> **Your assignment**
Copy exactly, and only, the lines from the one with "Pfaff 5642 voorbaanautomaat" to the end of the listing; omit pictures.

> **Exercise data**

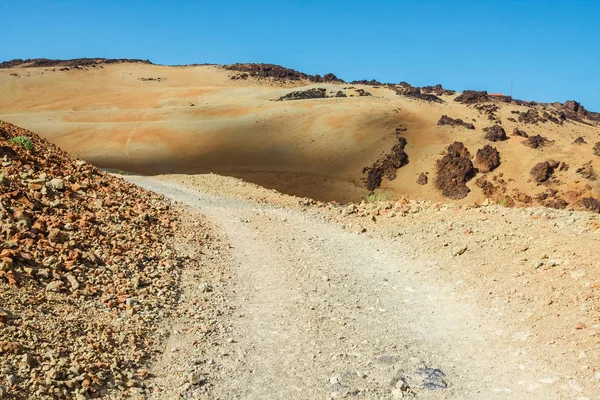 Caminho de caminhada para o cume em direção a Montana Blanca arenosa — Fotografia de Stock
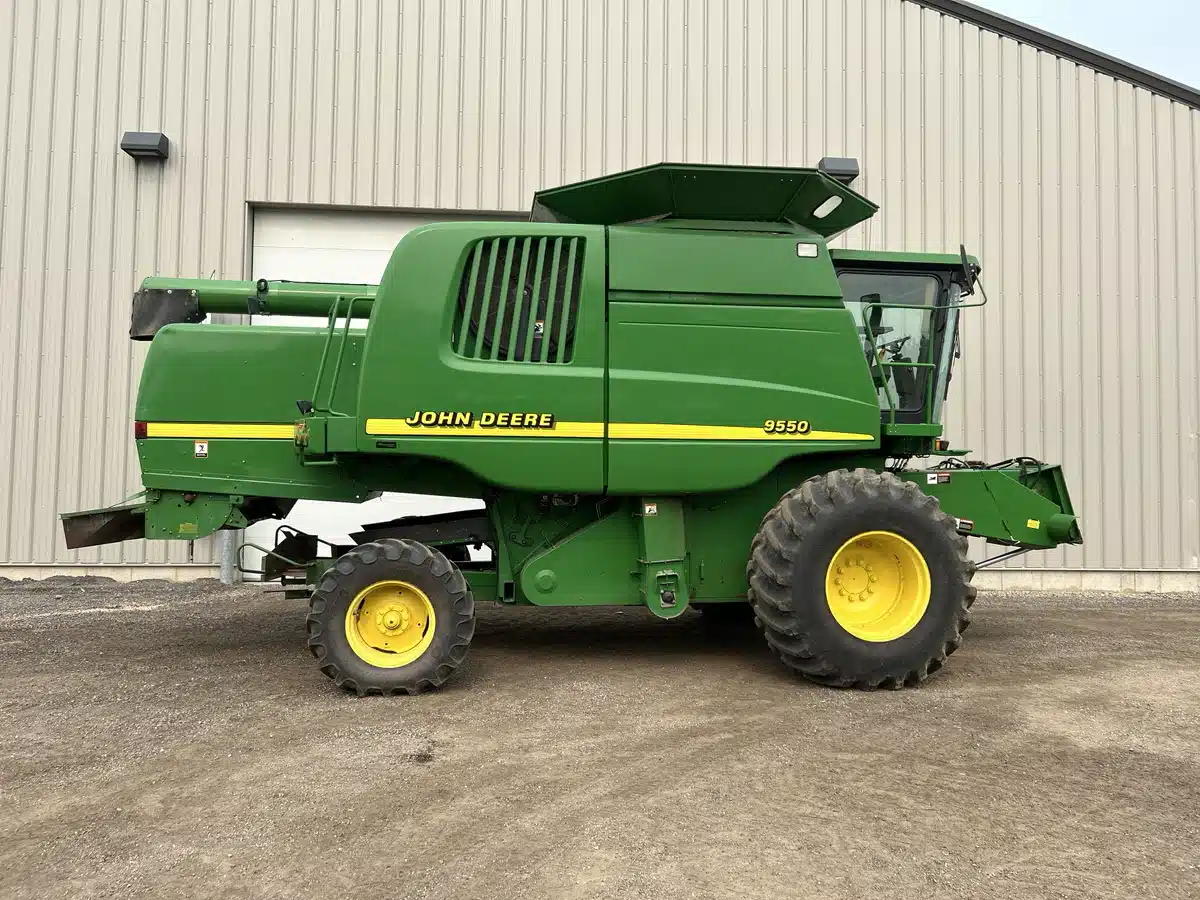 Photo de la Galerie 1 pour 2000 John Deere 9550 Batteuse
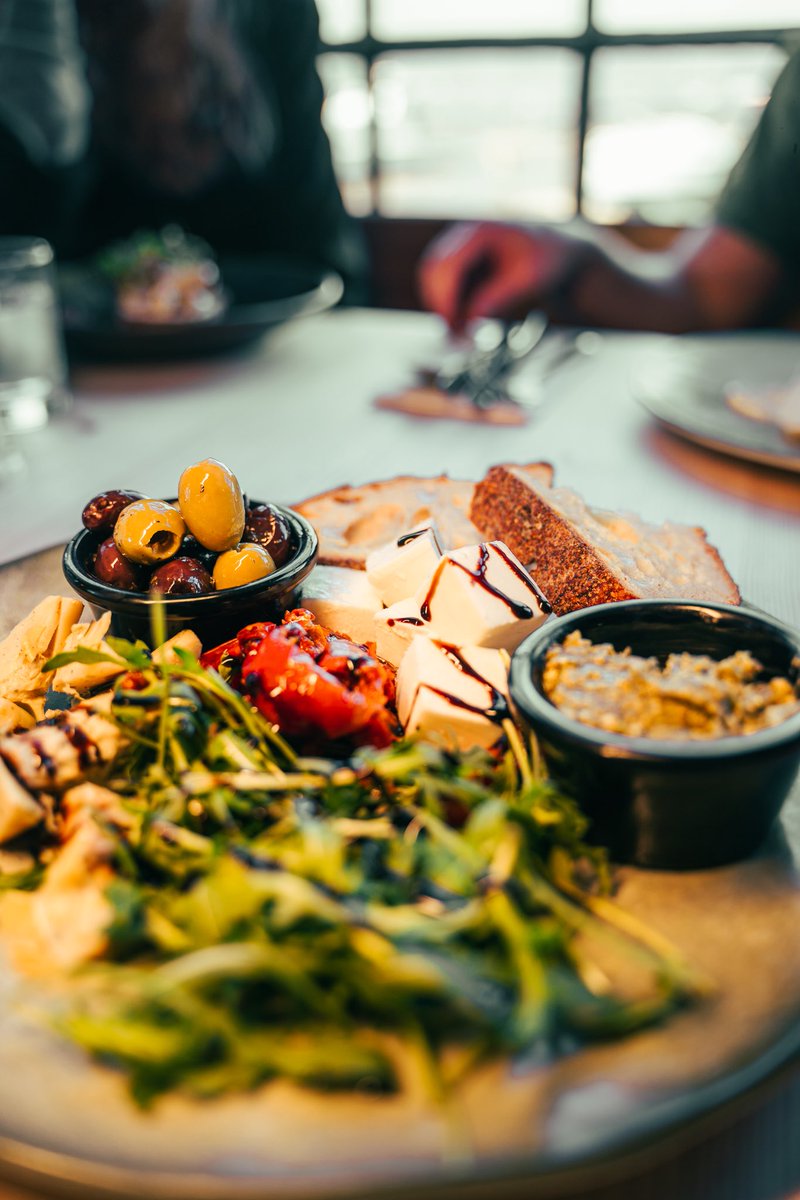 debeninns's tweet image. #platters at The Butt &amp;amp; Oyster, Pin Mill 💪 #Ipswich #pinmill #pubwalks #publunch #pubwalks #riversidepub #suffolkpubs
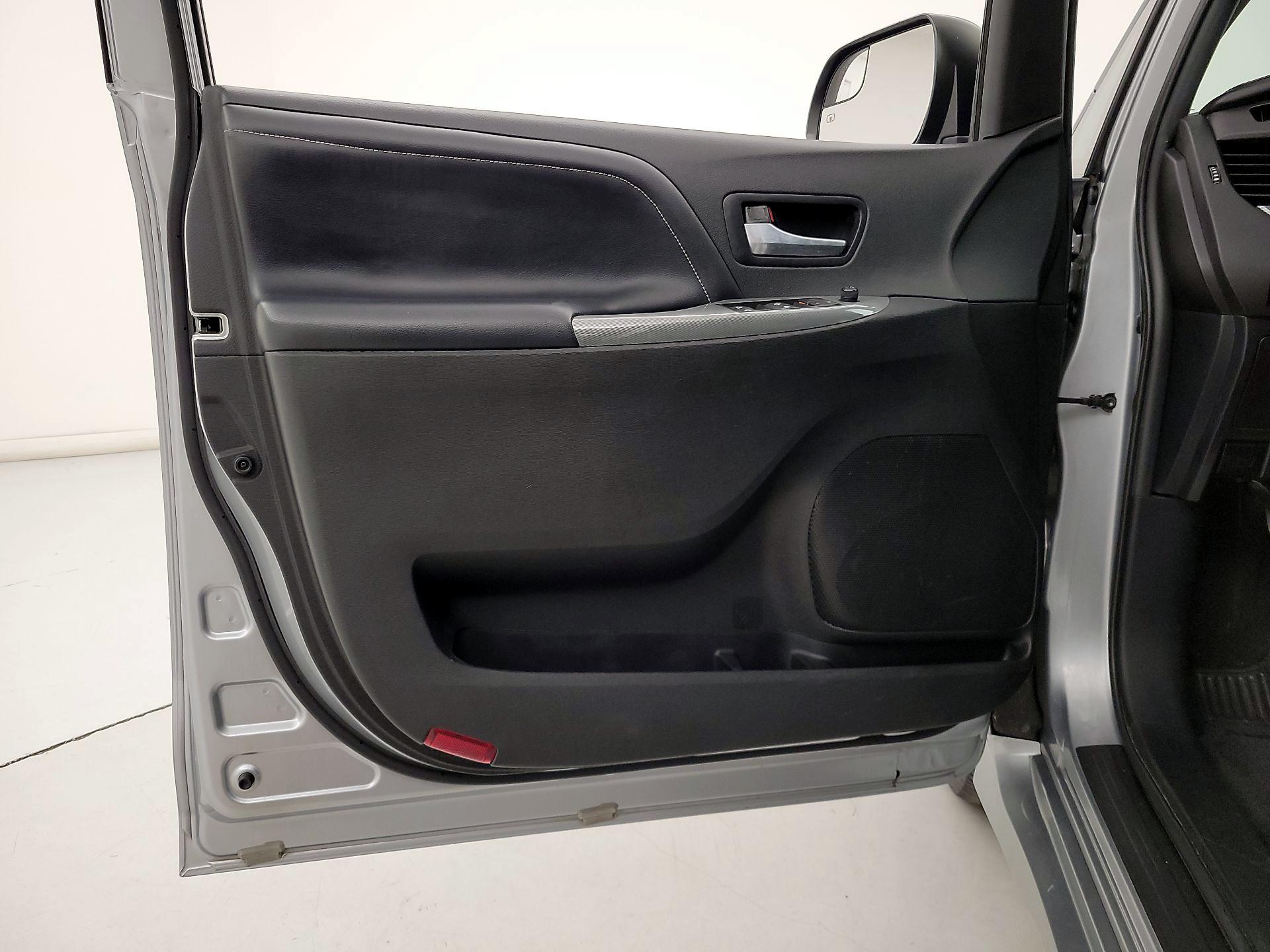 Thumbnail: 2016 Toyota Sienna - 12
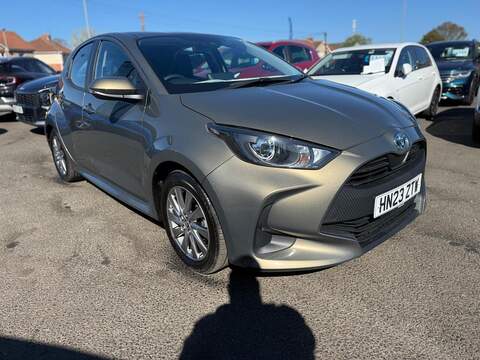 Toyota Yaris 1.5 VVT-h Icon E-CVT Euro 6 (s/s) 5dr - U80304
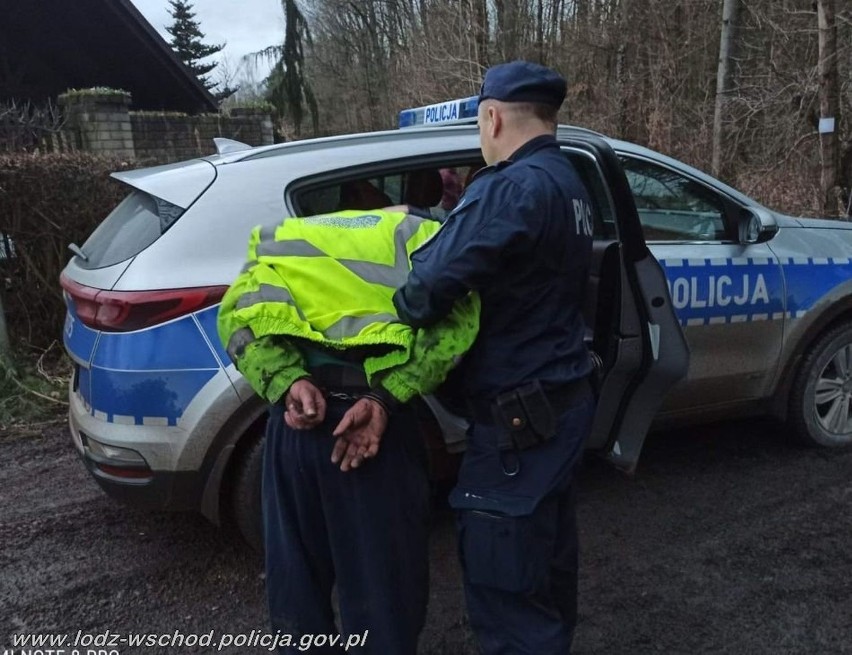 Policyjny pościg w Stróży w gminie Andrespol. Policjanci radiowozem zepchnęli samochód uciekiniera do rowu. Mamy nagranie z akcji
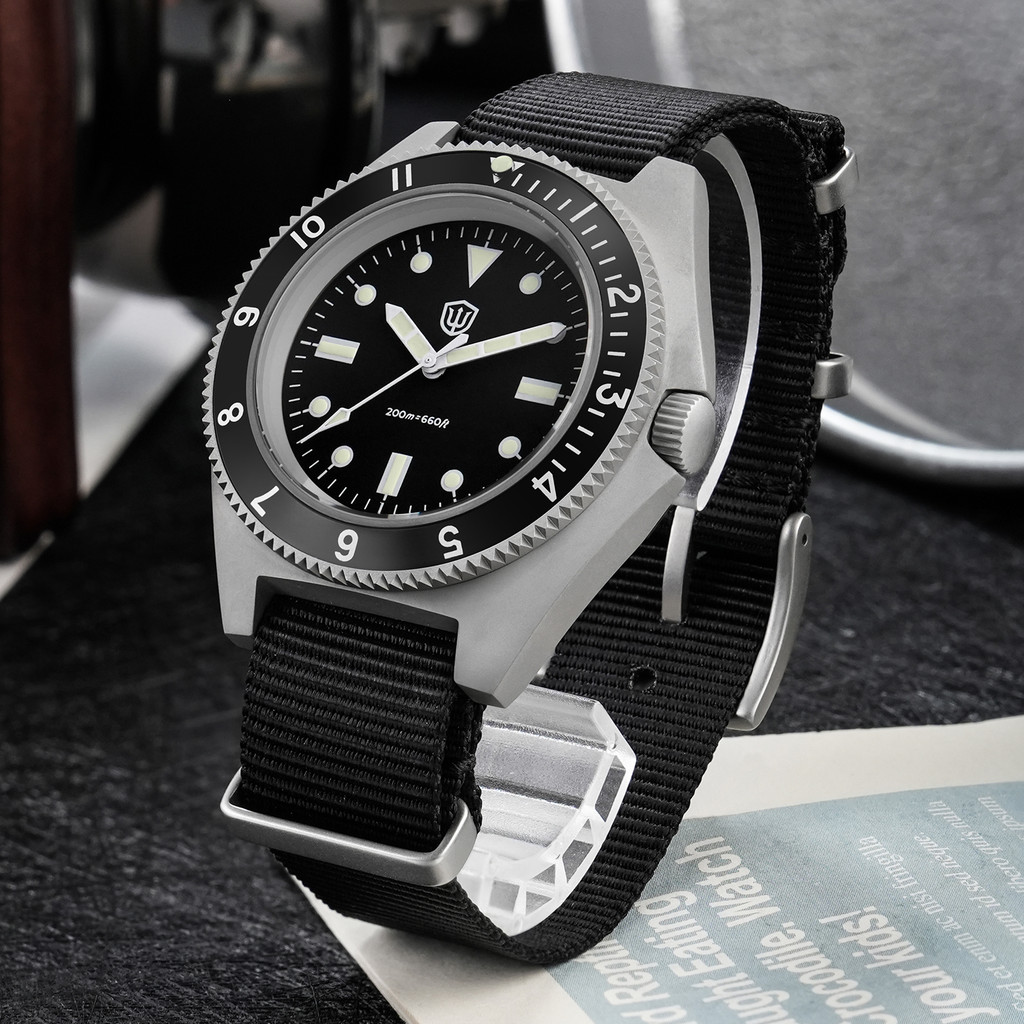 Watchdives WD1972 Quartz Watch VH31 Sweep Seconds Movement Sapphire Crystal BGW9 Luminous 20Bar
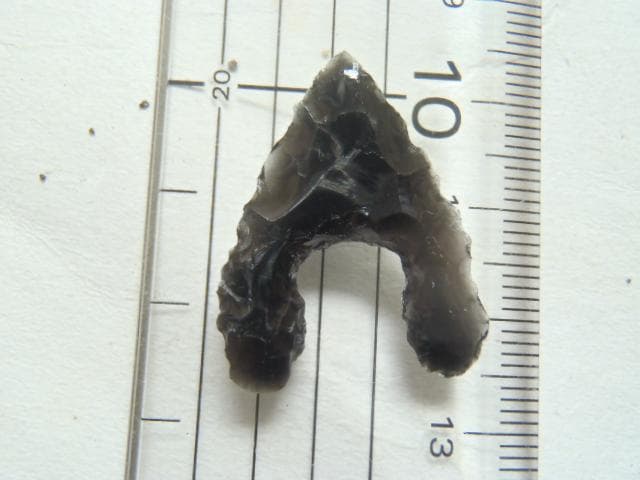 精密加工された 石器 北海道十勝産黒曜石 149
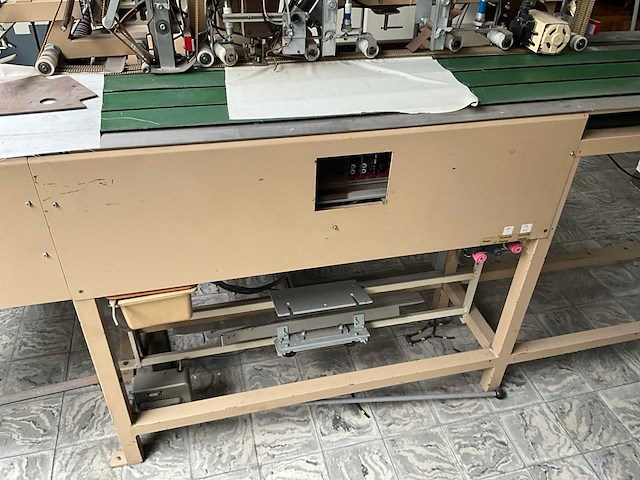 Pfaff 5642 voorbaanautomaat - afbeelding 14 van  14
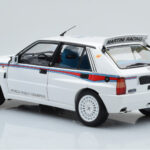 Lancia Delta HF Integrale 6 Vit Kyosho 1:18 - image 7 of 8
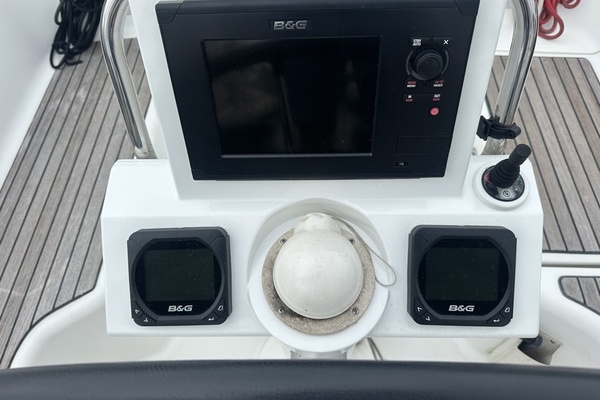 Frosty Pelican 31ft Beneteau Yacht For Sale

> **Response to this task**
 Pfaff 5642 voorbaanautomaat - afbeelding 14 van  14
 Lancia Delta HF Integrale 6 Vit Kyosho 1:18 - image 7 of 8
 Frosty Pelican 31ft Beneteau Yacht For Sale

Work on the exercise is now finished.